- THE PROBLEM:
When you write out the listing, keep each word exactly as it stands but include none of its images.
STORED DATA below:
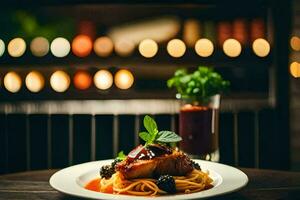 un plato de espaguetis y carne en un de madera mesa. generado por ai foto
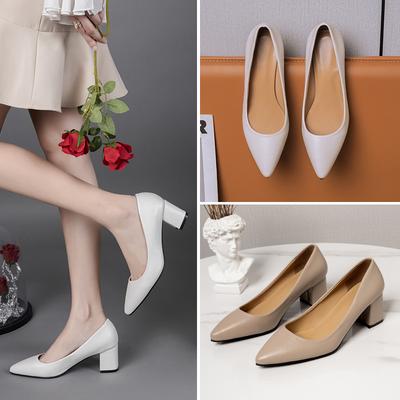 Moda Bico Fino Salto Alto Scarpins Mulheres Novo Estilo Coreano Bico Fino Boca Rasa Salto Grosso Sapatos de Moda Sapatos De Mujer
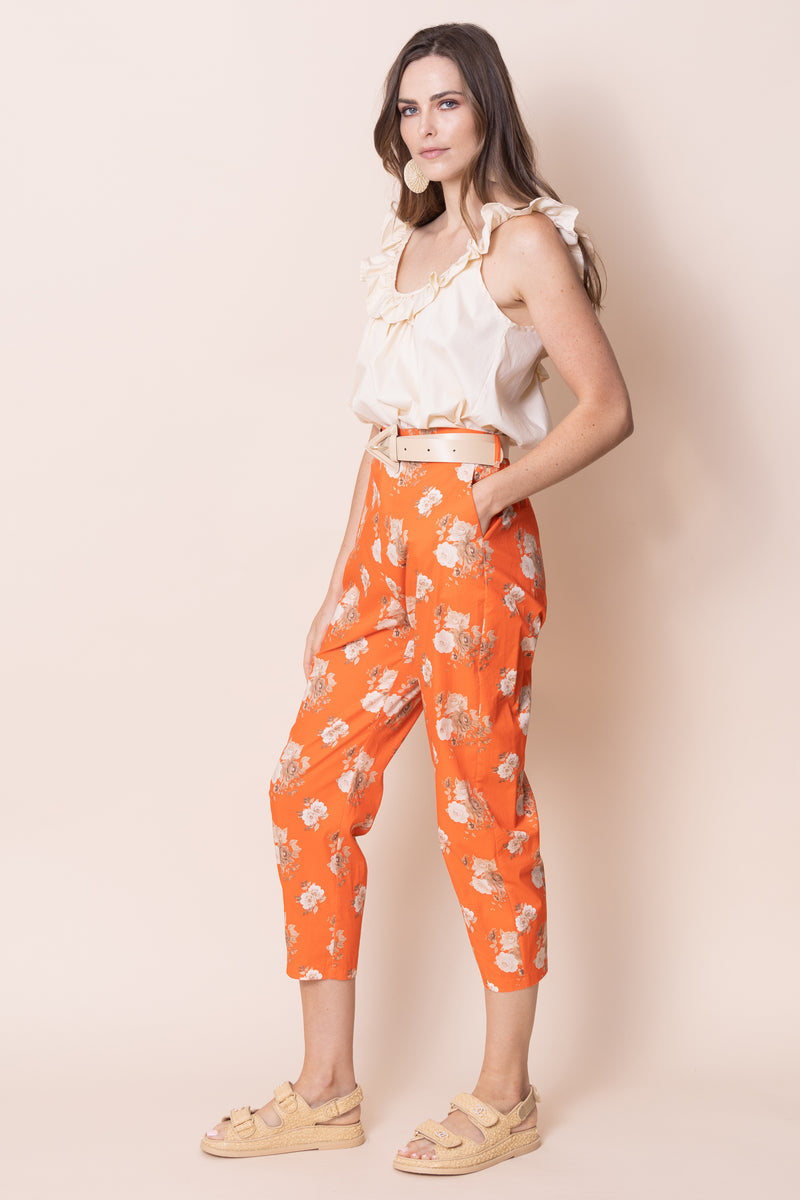 Orange Floral Pants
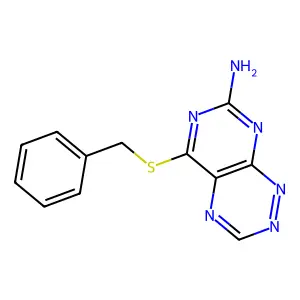 5-Benzylsulfanylpyrimido[5,4-e][1,2,4]triazin-7-amine structure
End of STORED DATA.
- OUTPUT BELOW:
 un plato de espaguetis y carne en un de madera mesa. generado por ai foto
 Moda Bico Fino Salto Alto Scarpins Mulheres Novo Estilo Coreano Bico Fino Boca Rasa Salto Grosso Sapatos de Moda Sapatos De Mujer
 Orange Floral Pants
 5-Benzylsulfanylpyrimido[5,4-e][1,2,4]triazin-7-amine structure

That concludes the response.